Keberanian dan ketegasannya dalam upaya memberantas para pengedar narkoba di Philipina dengan “tembak mati” ditempat, mirip operasi “petrus” di masa lalu di Indonesia, telah menempatkan Duterte sebagai “the living hero”. Pahlawan penyelamat generasi muda dari ancaman kecanduan narkotik.
Para peserta diterima langsung di Istana Malacanan, Manila dan Presiden Duterte didampingi beberapa petinggi pemerintah, antara lain Menteri Pertahanan, Panglima Angkata Perang dan Penasehat Presiden.
Istana Malacanan yang mulai terkenal sejak kepemimpinan Presiden Marcos, ternyata sebuah Istana yang sederhana. Ruang tempat Presiden menerima tamu walau sebagian dilapis karpet mahal, akan tetapi lantai dan dindingnya terbuat dari kayu dan sempit.
Kayu yang ditata sedemikan rupa dengan tampilan yang sangat jauh untuk dapat dikatakan sebagai “mewah”. Demikian pula beberapa ruang yang ada disekitarnya, sebagian besar adalah terdiri dari dinding dan lantai kayu.
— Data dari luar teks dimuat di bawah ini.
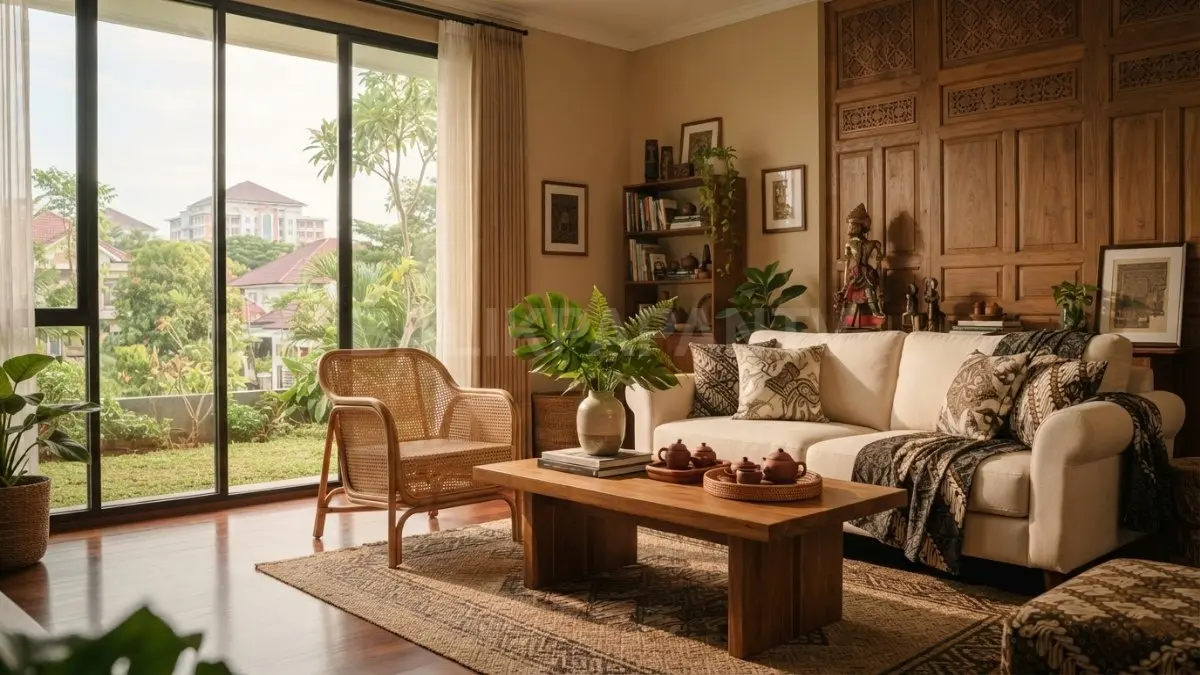 Inspirasi warna interior hangat menghadirkan suasana elegan, nyaman, menenangkan, serta mempercantik setiap sudut rumah. (BTV/AI)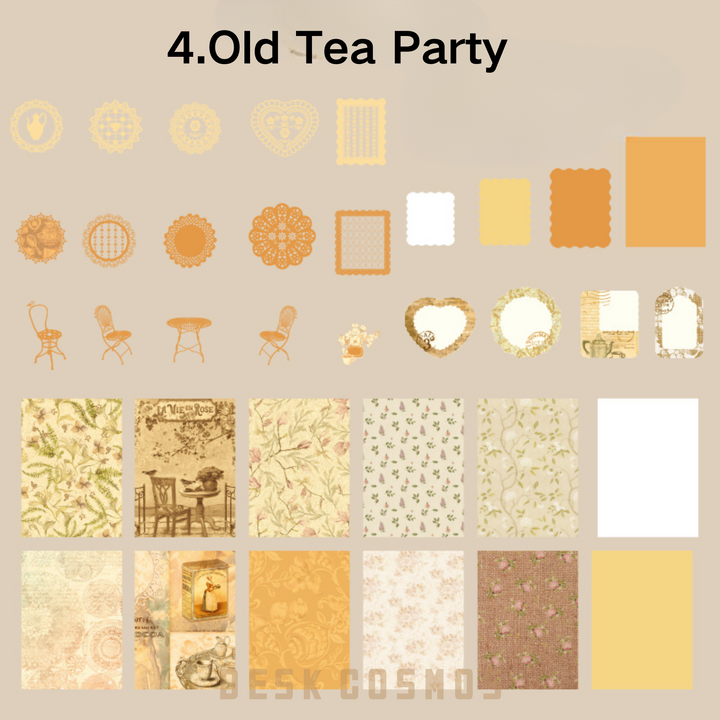 Old Tea Party Baroque Furniture and Tablecloth Journal Paper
Salah satu ruangan yang sebagian sisi dindingnya berupa lemari buku, dilengkapi dengan meja dan kursi kayu yang berwarna senada, ternyata adalah ruang kerja Presiden Marcos.
Nuansa Istana Kepresidenan yang sama sekali tidak memberikan kesan megah, “Glamour” dan Luxurious”, diperkuat lagi dengan tampilan Presiden Duterte yang dengan muka terlihat “agak lelah”, mengenakan celana hitam dan baju putih lengan panjang yang sedikit digulung, telah membuat orang tidak akan merasa berada dalam ruangan sebuah Istana Kepresidenan.
Itupun masih pula didukung dengan kursi tempat duduk Presiden yang tampak sederhana, mirip kursi di ruang kuliah mahasiswa yang dilengkapi dengan meja kecil menempel di pegangan kursi sebelah kanan.
Tidak ada meja dihadapan presiden, sementara pada meja kecil yang menempel di lengan kursi diletakkan mikrofon kecil untuk membantu Presiden agar tidak harus berbicara keras-keras dalam menyampaikan arahannya kepada siapa saja yang menghadap Presiden.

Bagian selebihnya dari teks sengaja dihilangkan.